In the early seventies, Robert Ashley produced and directed a 14-hour television opera/documentary about the work and ideas of seven American composers, Music with Roots in the Aether, which premiered at the Festival d'Automne à Paris in 1976. It comprises seven films, each two hours long, most of which have a live performance preceded by an interview in a 'landscape':
- Landscape with David Behrman
- Landscape with Philip Glass
- Landscape with Alvin Lucier
- Landscape with Gordon Mumma
- Landscape with Pauline Oliveros
- Landscape with Terry Riley
- Landscape with Robert Ashley
In an article about Music with Roots in the Aether, Arthur J. Sabatini notes the importance of Philip Makanna's camerawork, which 'functions to structure, comment upon, and provide an alternative take on the conversations and musical performances. He handles the camera gracefully and settles it in on telling images, settings, and moments of dialogue during the performances. With noticeable still photographic technique, he frames scenes and selects perspectives and angles that metaphorically enhance the conversations.
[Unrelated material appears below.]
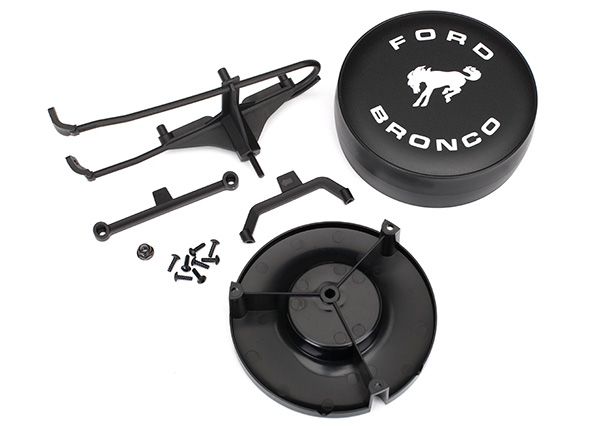 8074 - Spare tire mount/ mounting bracket/ spare tire cover/ mounting hardware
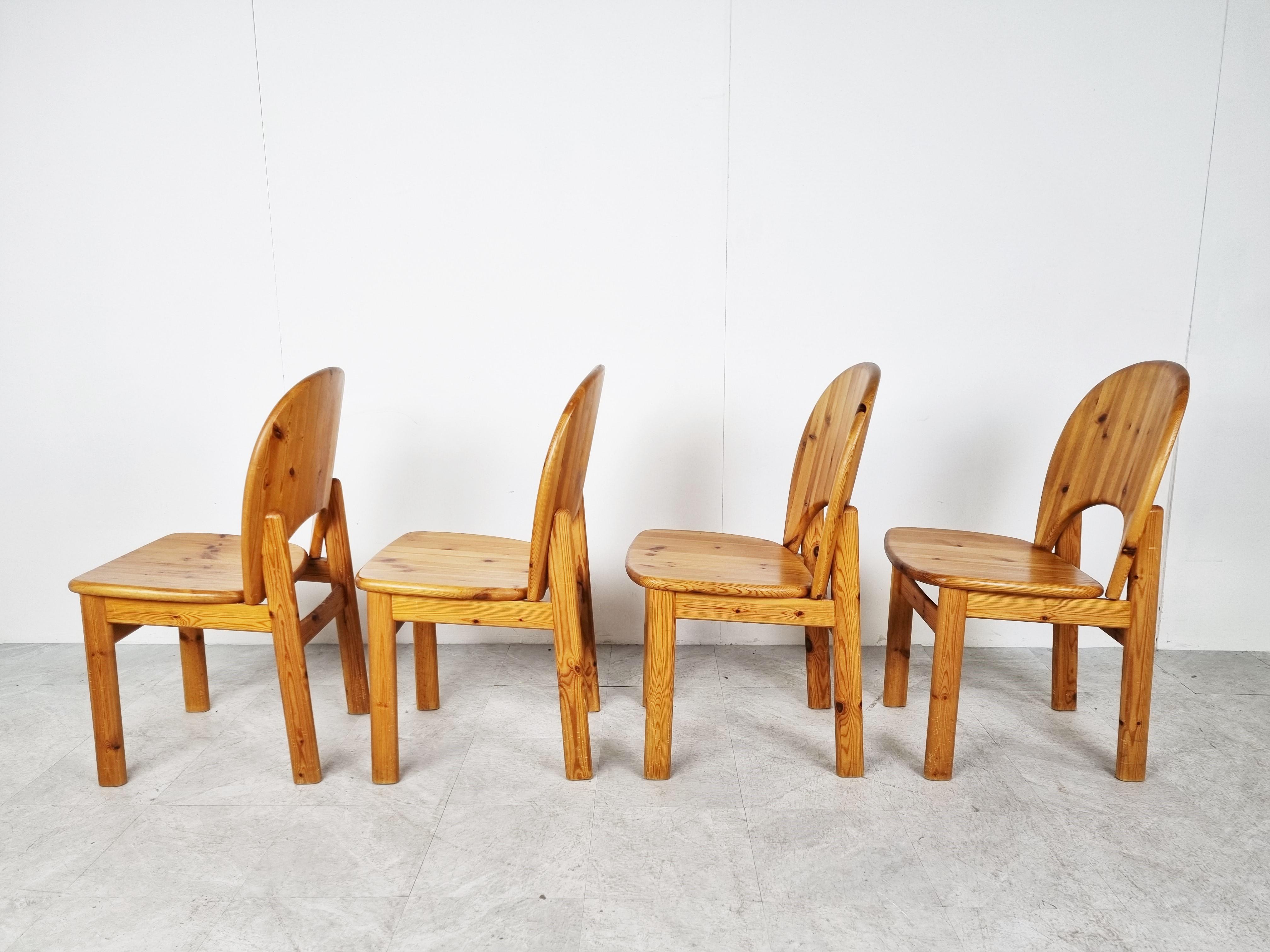 Rainer Daumiller Pine Wood Dining Chairs for Hirtshals Savvaerk - Set of 4 - 198 3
For example, as Ashley and David Behrman stand on a hillside overlooking the San Franciso Bay remarking on music across cultures and history, Makanna leaves their voices in the background and pans the Golden Gate Bridge from shore to shore. At another point, when the discussion turns to technology, he follows the microphone wires and video cables trailing the speakers. Thus, Makanna's cinematography and camerawork underscores the musicality of each composers' voicings and their relationship to the landscape.'
Kenneth Goldsmith (the poet who runs Ubuweb) has written a short piece for The Brooklyn Rail about Robert Ashley's films. It includes an interesting digression on aether with which I'll conclude this post, well off the topic in question but sailing into fascinating waters... "Aether, then, is a loaded word, full of dreams and secrets— a fluid, transmissive medium, ready to heap its treasures upon those who approach her with the right state of consciousness. Antiphanes told of a certain city where words congealed with the cold the moment they were spoken, and later, as they thawed out, people heard in the summer what they had said to one another in the winter. Similarly, Rabelais, writing in 1532, alludes to this phenomenon in his frozen-sounds episode of Gargantua and Pantagruel, where out at sea, with little in sight, a strange assortment of sounds are heard. The captain of the boat explains that the boat is passing by the Frozen Sea, which was the site of a bloody battle between the Arimaspians and the Nephelibates. During the battle, it was so cold that the sounds froze and the whole battle was silent. Now that it is springtime, all these sounds— long inaudible— are being released and creating a racket, although not in their original temporal sequences of action."